Hi Kat this is a good product I have used it for about 2 years now and it has made a difference in my dogs, I have a GS with one hip, femeral head removal) she will be 3 in August. It it a little pricey depending on where you live, if you work at a vets offiice you can get it there. I used Biojoint and Biovits together and depending on your dogs tastes try it and see if they like it. When you use an supplement always start with a smaller dose of a week or so then slowly add more until they are at the recommed dose. I don't use the Biojoint any more but I still use the Biovits along with CT support and Osteo Gaurd they work better for her. I hope this helps you.

Cheers 

Kats


----------



## RawFedDogs (Jun 16, 2008)

If I were feeding a diet that required supplements, I'd change the diet, not add supplements.

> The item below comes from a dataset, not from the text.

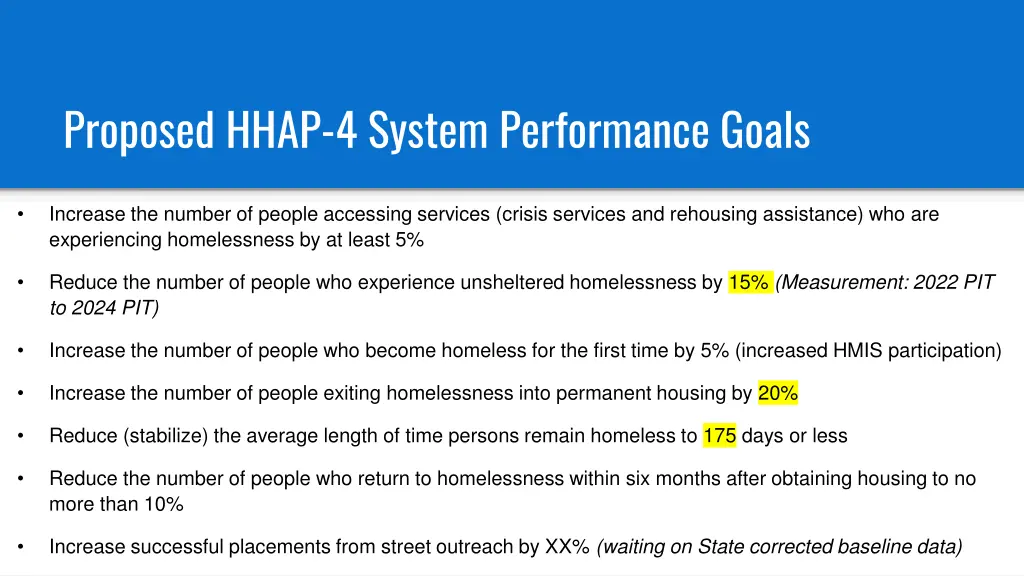 proposed hhap 4 system performance goals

Why are you feeding your dog veggies if they bother her? Dogs don't need veggies or fruits. My dogs haven't had any for 9 years. My 6yo Thor has never had any carbs his entire life. Dogs are carnivores. Carnivores eat meat, bones, and organs. Nothing else is needed.


----------



## PDXdogmom (Jun 30, 2010)

Their web site seems to imply that it is a complete supplement product. It does include the full array of both vitamins and minerals. So, I would be hesitant to use it in combination with kibble - that would be over supplementing. Maybe it's more appropriate to use for someone feeding only home cooking. Maybe others here will have more direct knowledge of the product.


----------



## Kat (Jul 12, 2011)

Kats, thanks so much for the info 

RawFedDogs, I do not feed any additional fruits and veggies, the honest kitchen pre-mix has the fruits and veggies in it. Since feeding home cooked, I know you need to add supplements, and I am looking for the right one for her. I boil her turkey breasts and thighs, and I also bake salmon, and will be introducing other types of fish. I was doing chicken but I believe she might have an intolerance to chicken so I have stopped that, and I can not do red meats because that has given her soft smelly poops in the past. As I have said in a previous thread I made, I am not comfortable with feeding raw, so I am doing the next best thing which is cooked meals. I do not trust kibble dog food companies so I have made the switch to home cooked so I can control what she is eating, and know exactly what she is eating. The Honest Kitchen vitamin and mineral premix has been improving everything except her poops. Her eyes are less watery and produce less gunk, her breath doesnt stink anymore, more energy, and a better coat. But she is pooping larger amounts then when she was on kibble so I know THK premix is not working for her in that aspect so I am looking for a supplement that is just the powder and no added fruits and veggies in it. 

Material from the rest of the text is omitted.